ADF is used mainly to orchestrate the data copying between different relational and non-relational data sources, hosted in the cloud or locally in your datacenters. Also, ADF can be used for transforming the ingested data to meet your business requirements. It is ETL, or ELT tool for data ingestion in most Big Data solutions.

For more information, check Starting your journey with Microsoft Azure Data Factory

Q2: Data Factory consists of a number of components. Mention these components briefly

Pipeline: The activities logical container
Activity: An execution step in the Data Factory pipeline that can be used for data ingestion and transformation
Mapping Data Flow: A data transformation UI logic
Dataset: A pointer to the data used in the pipeline activities
Linked Service: A descriptive connection string for the data sources used in the pipeline activities
Trigger: Specify when the pipeline will be executed
Control flow: Controls the execution flow of the pipeline activities

For more information, check Starting your journey with Microsoft Azure Data Factory

Q3: What is the difference between the Dataset and Linked Service in Data Factory?

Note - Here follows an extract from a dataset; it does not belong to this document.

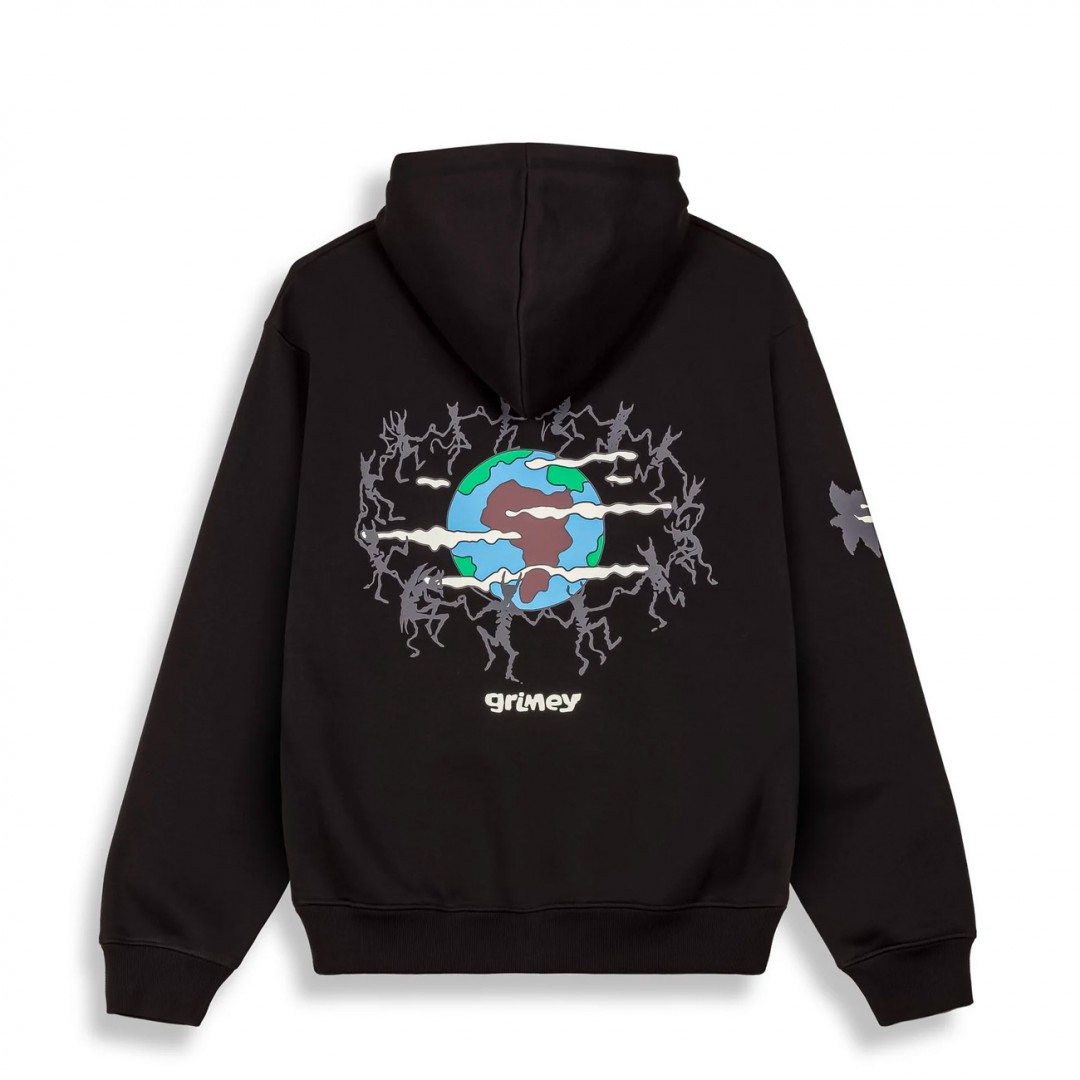 GRIMEY THE PLANET REGULAR HOODIE GCH651-BLK Μαύρο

Linked Service is a description of the connection string that is used to connect to the data stores. For example, when ingesting data from a SQL Server instance, the linked service contains the name for the SQL Server instance and the credentials used to connect to that instance.

Dataset is a reference to the data store that is described by the linked service. When ingesting data from a SQL Server instance, the dataset points to the name of the table that contains the target data or the query that returns data from different tables.

For more information, check Starting your journey with Microsoft Azure Data Factory

Q4: What is Data Factory Integration Runtime?

Integration Runtime is a secure compute infrastructure that is used by Data Factory to provide the data integration capabilities across the different network environments and make sure that these activities will be executed in the closest possible region to the data store.

For more information, check Copy data between Azure data stores using Azure Data Factory

Q5: Data Factory supports three types of Integration Runtimes. Mention these supported types with a brief description for each

Azure Integration Runtime: used for copying data from or to data stores accessed publicly via the internet
Self-Hosted Integration Runtime: used for copying data from or to an on-premises data store or networks with access control
Azure SSIS Integration Runtime: used to run SSIS packages in the Data Factory

For more information, check Copy data between Azure data stores using Azure Data Factory

Q6: When copying data from or to an Azure SQL Database using Data Factory, what is the firewall option that we should enable to allow the Data Factory to access that database?

Allow Azure services and resources to access this server firewall option.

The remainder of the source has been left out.